Hızlı Değişimin Kültürel Ayağı (2)

dugunlerimiz

Geçen hafta başladığımız yöremizin düğünleri anlatmaya kaldığımız yerden devam edelim. Birinci gün oğlan evinde kadınlar için küçük kına, ikinci günün gecesi ise kız tarafında büyük kına olur. Kız tarafındaki kına çok canlı olur. Ortaya ateş yakılır. Delbekçiler yerini alır. Köyden yaşlı ve saygın, sözü dinlenen bir kadın cazgır olur. Eline uzunca bir değnek alır. Oyun oynayacaklara “sen, sen” diye değneğin ucuyla dürter ya da işaret eder, oyuna kaldırır. En çok oynanan türküler; sarıca buğday tanesi, kabaardıç, cevizin yaprağı, durma güzel durma, yayla yolları, eli elekli gelin, Kezban yenge, çaybaşından yar geliyor, köprüden geçti gelin ve Ortaköy yollarıdır. Genç kızlar oyuna kaldırılır. Kızlara para çevrilir. Herkes akraba oğlanlar için düşündükleri kızları oyuna kaldırıp, para çevirmeye çalışır. Bu kına gecelerine kesinlikle erkekler giremez. Erkekler çocuk dahi olsa bile yaklaşana taş atılır, kovalanır. Bazı muzip erkeklerin de akraba kadınların arasında kadın kıyafetiyle kına yerine gelmeye çalıştığı söylenir. Fark edilirse yandı çırası. Taş, alama anasının kül döktüğü yere kadar kovalanır. Kadınların eğlencesinin yanı sıra gelinliklerin de beğenildiği yer olduğu için kına geceleri büyük önem taşır. Kınadan sonra kız evinin geniş odasında kızın arkadaşlarına kına yakılır. Delbekçiler türküleriyle yakım yakarlar, kız ve arkadaşları ağlaşırlar. Yaşlıca bir kadın geline yaklaşır; “kızım istemiyorsan seni vermeyelim” der. Kız da “hem ağlarım hem giderim” der. O gece kız arkadaşlarıyla kalır.
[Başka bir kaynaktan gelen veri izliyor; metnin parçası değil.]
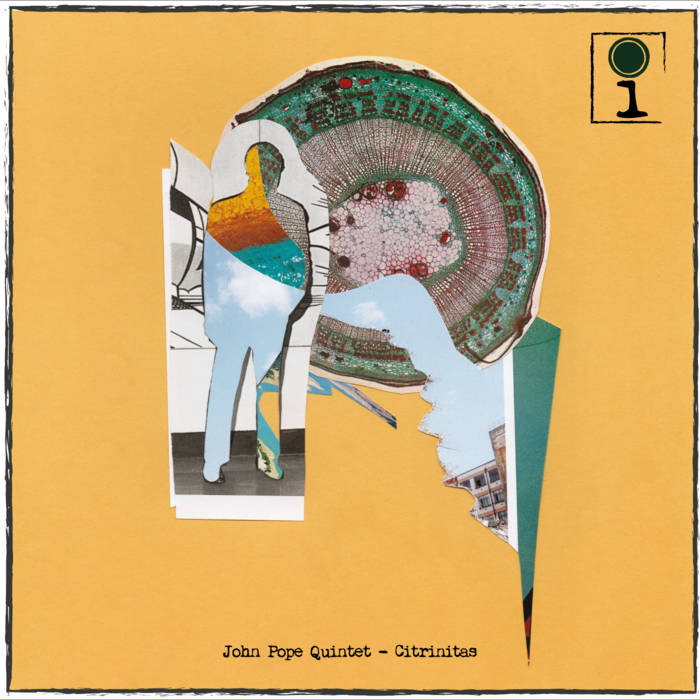 JOHN POPE - John Pope Quintet : Citrinitas cover 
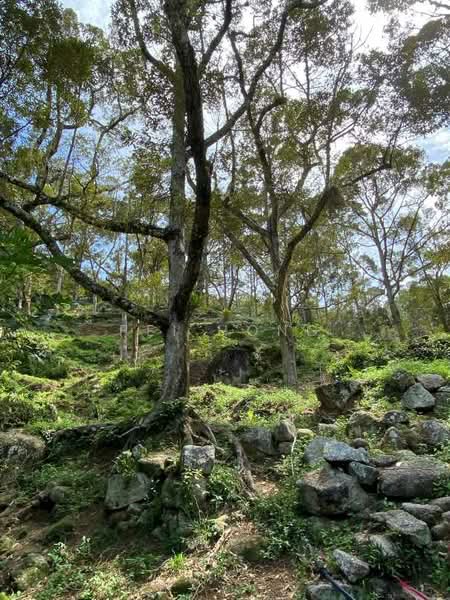 Agricultural Land for Sale in Balik Pulau (Penang) - Pei Hong - Exterior - PropertyGuru.com.my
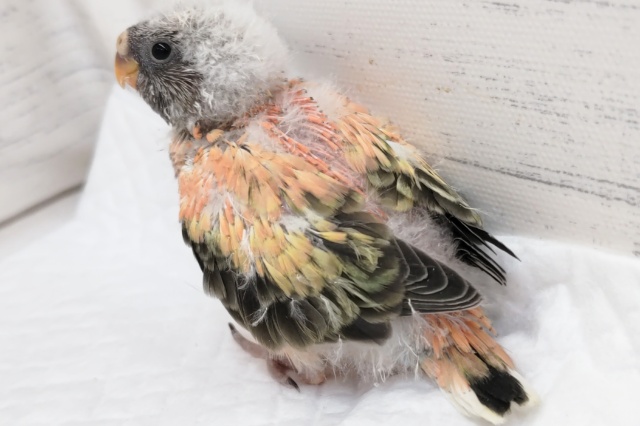 アキクサインコ（秋草インコ）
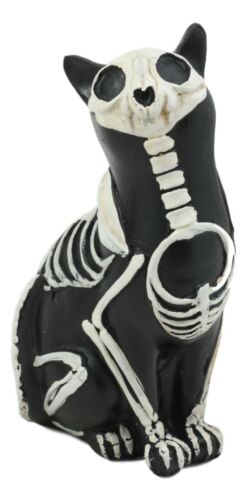 Ebros Gift Ebros Day Of The Dead Bone Skeleton Cat Statue Halloween X-Ray Decor Collectible Crazy For Cats Figurine (Male Cat)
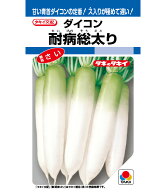 大根 種 耐病総太り タキイ 種苗 家庭菜園 プロ向け 大袋 小袋 農家 セレクト たね タネ ダイコンの大定…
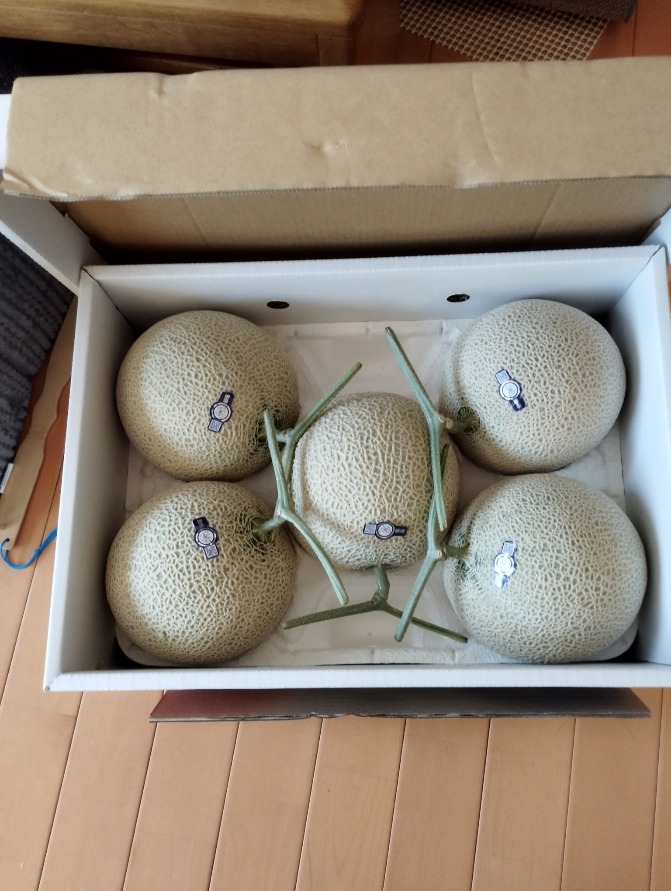 メロン 島根県 ”温室マスクメロン” 秀品 大玉4〜5玉 約7〜8kg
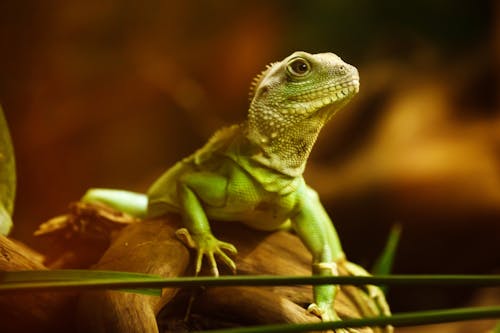 Green Iguana on Brown Wood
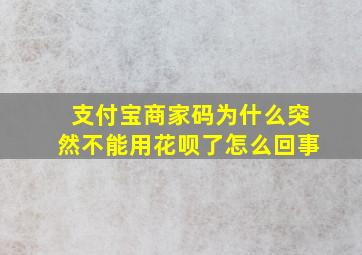 支付宝商家码为什么突然不能用花呗了怎么回事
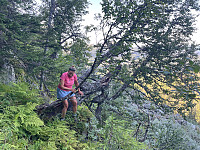 Avinus1_20210822_612290eb2dff6.jpg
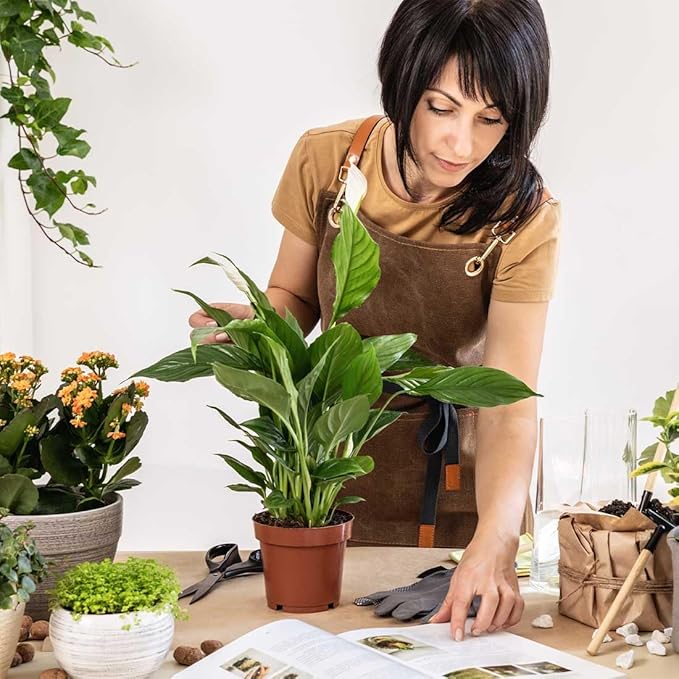 American Plant Exchange Peace Lily, Live Spathiphyllum Plants, 4-Inch Pots, 4 Pack in Deco Covers, Flowering Houseplants, Easy Care, Low Light, Perfect for Housewarming, Sympathy, or Party Gifts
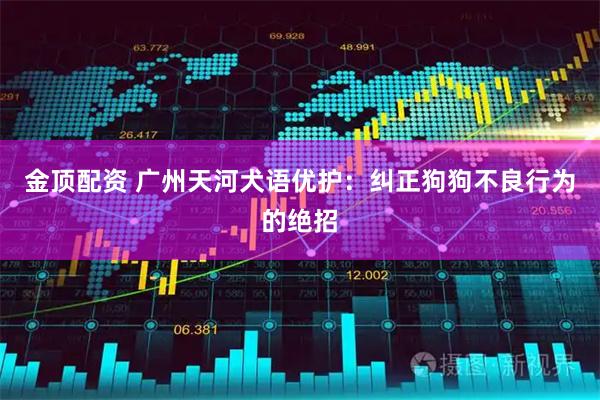 金顶配资 广州天河犬语优护：纠正狗狗不良行为的绝招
Erkekler de kendi aralarında erkek erkeğe eğlenirler. Ortaya düğün odunundan getirilen odunlar çatılır ve büyük bir ocak yakılır. Davulcu ve zurnacılar yerini alır. Keçi derisi giymiş önüne ya çan ya kemik bağlanmış, yüzünü karaya boyamış arap elinde kül torbasını savurarak gelir. O anda kül torbasını yememek için hemen saha genişler. Kadın kılığındaki erkek, efeler, muhtar, deştimen, jandarma ve ağa gelir, bir orta oyunu sergilenir. Kıvrak zeybek, teke zortlatması, kabaardıç, ağır hava, çömlek kırdıran oyunları oynanır. Erkek gelin almadan önce kız evine gelirse semer vururlur.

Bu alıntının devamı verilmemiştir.